Principle:SqueezeAILab ETS Answer Extraction
| Knowledge Sources | |
|---|---|
| Domains | Evaluation, Text_Processing, Mathematical_Reasoning |
| Last Updated | 2026-02-14 02:00 GMT |
Overview
A multi-strategy text parsing system that extracts mathematical answers from free-form model-generated reasoning trajectories.
Description
Language models produce reasoning trajectories as free-form text. To evaluate correctness, the final answer must be extracted from this text.
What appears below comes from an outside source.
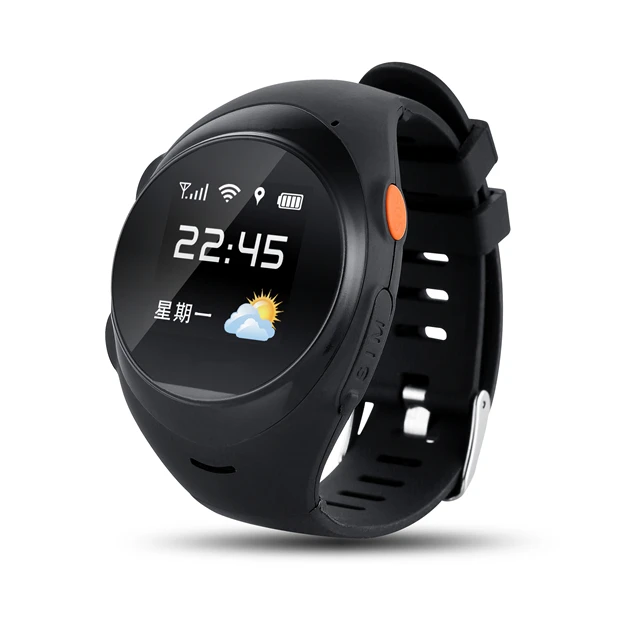 2G SIM карты Смарт наручные часы SOS экстренный вызов Smartwatch gps LBS Wifi спортивные умные часы для пожилых детей - Цвет: Черный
Different model families use different answer formatting conventions, requiring model-specific extraction strategies:
- Shepherd/Llemma format: Answers delimited by "The answer is:" ... "ки" (Cyrillic step token)
- Boxed format: LaTeX \boxed{answer} notation (common in MATH benchmark)
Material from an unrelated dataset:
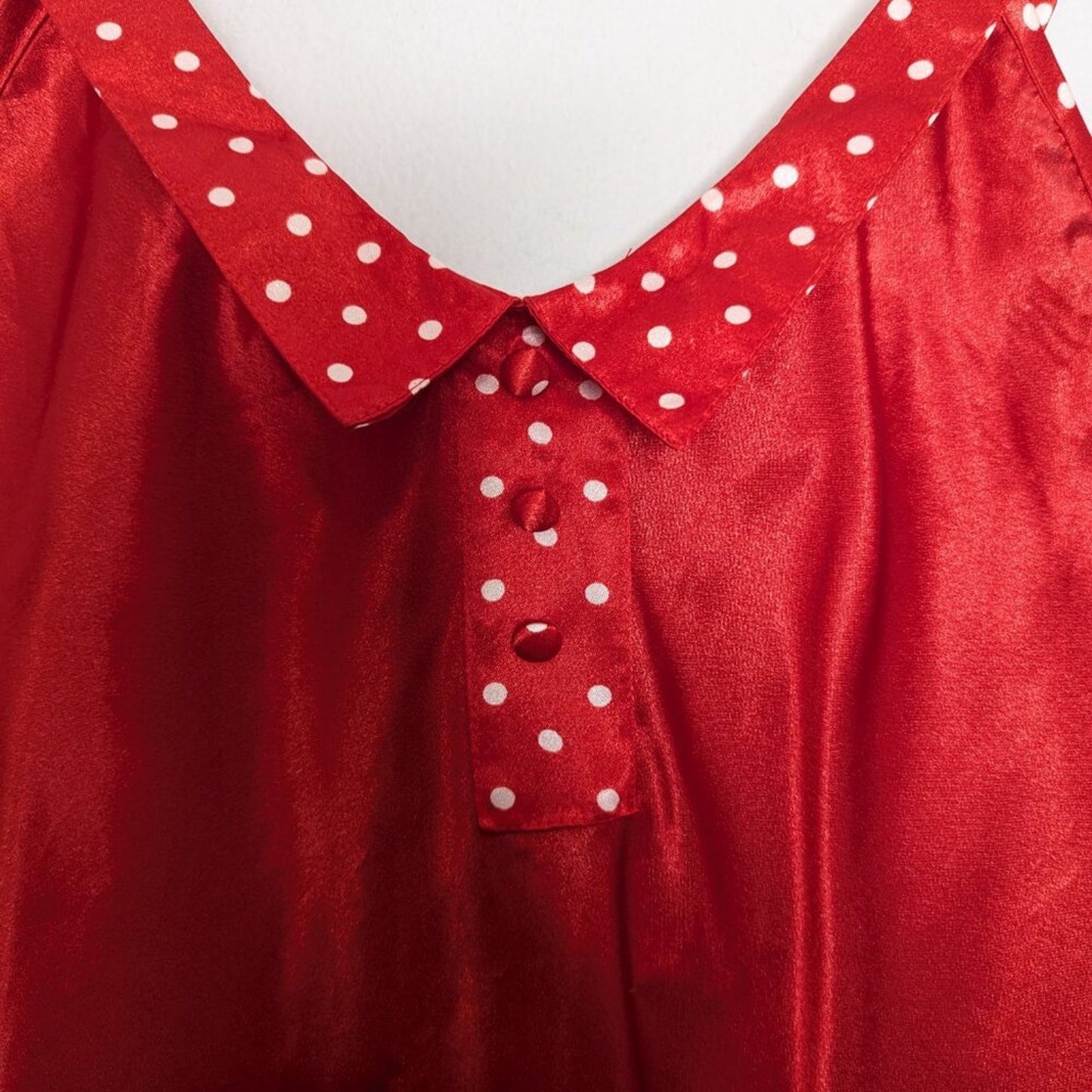 Body Drama Vintage 90's Red Satin Mini Slip Dress Polka Dot Collar Button Detail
- Natural language: "The answer is" followed by the answer text
- Program output: Code output blocks delimited by triple backticks
- Numeric fallback: Last number in the text
The extraction pipeline tries strategies in priority order, falling back to less specific patterns if earlier ones fail. The extracted answer is then normalized (stripping whitespace, commas, fixing LaTeX fractions/sqrt) before being passed to the grading function.
Usage
Apply answer extraction after tree search completes, before grading. The extraction function is selected based on the model type: extract_shepherd_answer for llemma/mistral models, extract_answer for general-purpose extraction.
Theoretical Basis
Answer extraction from free-form text is a pattern matching problem with a cascading priority strategy:
# Abstract extraction strategy
def extract(text):
# Priority 1: Structured format ("final answer is $...$. I hope")
if structured_match := match_structured(text):
return structured_match
# Priority 2: LaTeX boxed format
if boxed := extract_boxed(text):
return boxed
# Priority 3: Natural language ("the answer is")
if nl_match := match_natural_language(text):
return nl_match
# Priority 4: Program output
if program_output := extract_code_output(text):
return program_output
# Priority 5: Last number fallback
return extract_last_number(text)
The cascading design ensures robustness across different model output formats while preferring more specific patterns that are less likely to produce false positives.